Hakka hizmet, büyük ve ağır bir defineyi taşımak ve muhafaza etmek gibidir. O defineyi omzunda taşıyanlara ne kadar kuvvetli eller yardıma koşsalar daha ziyade sevinir, memnun olurlar. Kıskanmak şöyle dursun, gayet samimî bir muhabbetle o gelenlerin kendilerinden daha ziyade olan kuv- vetlerini ve daha ziyade tesirlerini ve yardımlarını müftehirâne alkışlamak lâzım gelirken, nedendir ki rekabetkârâne o hakikî kardeşlere ve fedakâr yardımcılara bakılıyor ve o hal ile ihlâs kaçıyor? Vazifenizde müttehem olup, ehl-i dalâletin nazarında, sizden ve sizin mesleğinizden yüz derece aşağı olan, “din ile dünyayı kazanmak ve ilm-i hakikatle maişeti temin etmek, tamah ve hırs yolunda rekabet etmek” gibi müthiş ithamlara maruz kalıyorsunuz?
Bu marazın çare-i yegânesi: Nefsini itham etmek ve nefsine değil, daima karşısındaki meslektaşına taraftar olmak...
Fenn-i âdâb ve ilm-i münazaranın uleması mabeynindeki hakperestlik ve insaf düsturu olan şu:
“Eğer bir meselenin münazarasında kendi sözünün haklı çıktığına taraftar olup ve kendi haklı çıktığına sevinse ve hasmının haksız ve yanlış olduğuna memnun olsa, insafsızdır.” Hem zarar eder. Çünkü haklı çıktığı vakit, o münazarada bilmediği bir şeyi öğrenmiyor. Belki gurur ihtimaliyle zarar edebilir.
Eğer hak hasmının elinde çıksa, zararsız, bilmediği bir meseleyi öğrenip menfaattar olur, nefsin gururundan kurtulur. Demek insaflı hakperest, hakkın hatırı için nefsin hatırını kırıyor. Hasmının elinde hakkı görse, yine rıza ile kabul edip taraftar çıkar, memnun olur.

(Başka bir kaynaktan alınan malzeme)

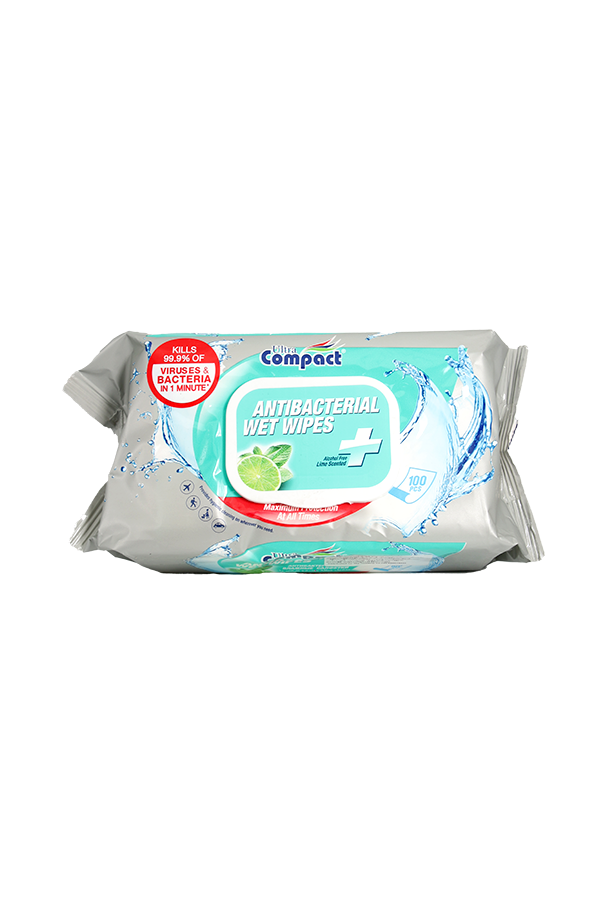 Ultra Compact Antibacterial Wet Wipes 100's LifePlus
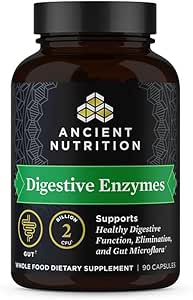 Ancient Nutrition Digestive Enzymes, Supports Gut Health, Promotes Healthy Digestive Function, 90 Ct
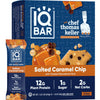 IQBAR x Chef Thomas Keller - Brain and Body Plant Protein Bars - Salted Caramel Chip - 12-Count, Low Carb, High Fiber, Gluten Fr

İşte bu düsturu ehl-i din, ehl-i hakikat, ehl-i tarikat, ehl-i ilim kendilerine rehber ittihaz etseler, ihlâsı kazanırlar. Ve vazife-i uhreviyelerinde muvaffak olurlar. Ve bu feci sukut ve musîbet-i hâzıradan rahmet-i İlâhiye ile kurtulurlar.
Lem’alar, s. 272
***
İşte ey Risale-i Nur Şakirdleri ve Kur’ân’ın hizmetkârları!
Sizler ve bizler öyle bir insan-ı kâmil ismine lâyık bir şahs-ı manevînin azalarıyız. Ve hayat-ı ebediye içindeki saadet-i ebediyeyi netice veren bir fabrikanın çarkları hükmündeyiz. Ve sahil-i selâmet olan Dârü’s-Selâm’a ümmet-i Muhammediyeyi (asm) çıkaran bir sefine-i Rabbaniyede çalışan hademeleriz.

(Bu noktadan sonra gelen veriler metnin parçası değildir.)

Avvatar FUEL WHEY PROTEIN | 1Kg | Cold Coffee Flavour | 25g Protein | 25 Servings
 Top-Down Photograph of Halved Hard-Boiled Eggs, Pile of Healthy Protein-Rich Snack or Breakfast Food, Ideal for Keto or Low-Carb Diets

Elbette, dört ferdden bin yüz on bir kuvvet-i maneviyeyi temin eden sırr-ı ihlâsı kazanmakla tesanüd ve ittihad-ı hakikîye muhtacız ve mecburuz.
Evet, üç elif ittihad etmezse, üç kıymeti var. Sırr-ı adediyet ile ittihad etse, yüz on bir kıymet alır. Dört kere dört ayrı ayrı olsa, on altı kıymeti var.
Eğer sırr-ı uhuvvet ve ittihad-ı maksat ve ittifak-ı vazife ile tevafuk edip bir çizgi üstünde omuz omuza verseler, o vakit dört bin dört yüz kırk dört kuvvetinde ve kıymetinde olduğu gibi, hakikî sırr-ı ihlâs ile, on altı fedakâr kardeşlerin kıymet ve kuvvet-i maneviyesi dört binden geçtiğine, pek çok vukuat-ı tarihiye şehadet ediyor.
Lem’alar, s. 276
LÛGATÇE:
Dârü’s-Selâm: Cennet; mutluluk ve rahatlık yeri olan ahiret âlemi.
fenn-i âdâb: Terbiye bilgisi, ahlâk eğitimi.
ilm-i münazara: Münazara ilmi, ileri sürülen delilleri ve fikirleri inceleyerek, bir meseleyi tartışarak çözümleme ilmi.
mabeyn: Bir topluluğun içi ve arası.
sırr-ı uhuvvet: Kardeşlik sırrı.
sefine-i Rabbaniye: Rabbânî bir gemi; her şeyi terbiye ve idare eden Allah’ın gemisi.
tamah: Hırs, açgözlülük.
tesanüd: Dayanışma.
vazife-i uhreviye: Ahirete ait vazife.